### Data segment
BEGIN

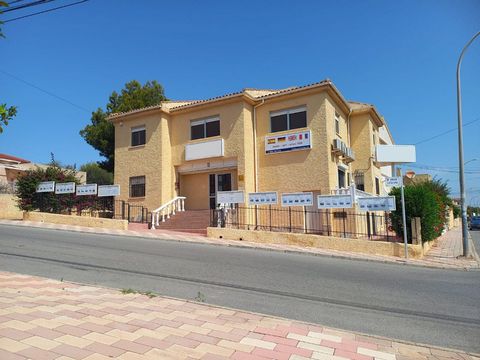 Descripción del objeto: ESTA CASA OFRECE FANTÁSTICAS POSIBILIDADES: ¡SE PUEDE UTILIZAR COMO VIVIENDA Y COMO LOCAL COMERCIAL O VIVIR ARRIBA Y TRABAJAR ABAJO! Esta espaciosa villa fue construida en 1989, completamente renovada y ampliada en 2003 y está...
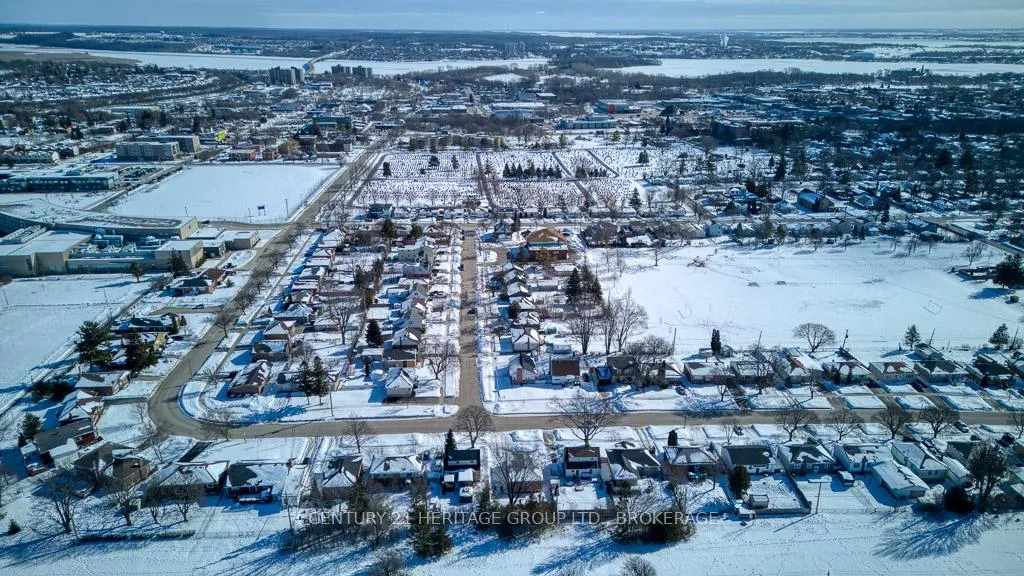 Photo 5 of 68 Brant Avenue, Kingston, East of Sir John A. Blvd — HOMEH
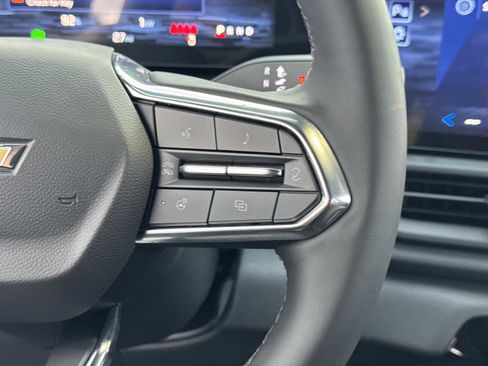 New 2025 Chevrolet Silverado EV LT image 10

END

### Task details
The copy has to start at the line that contains "Photo 5 of 68" and end at the last line of the material above, matching the original exactly and holding no pictures.

### Task output
 Photo 5 of 68 Brant Avenue, Kingston, East of Sir John A. Blvd — HOMEH
 New 2025 Chevrolet Silverado EV LT image 10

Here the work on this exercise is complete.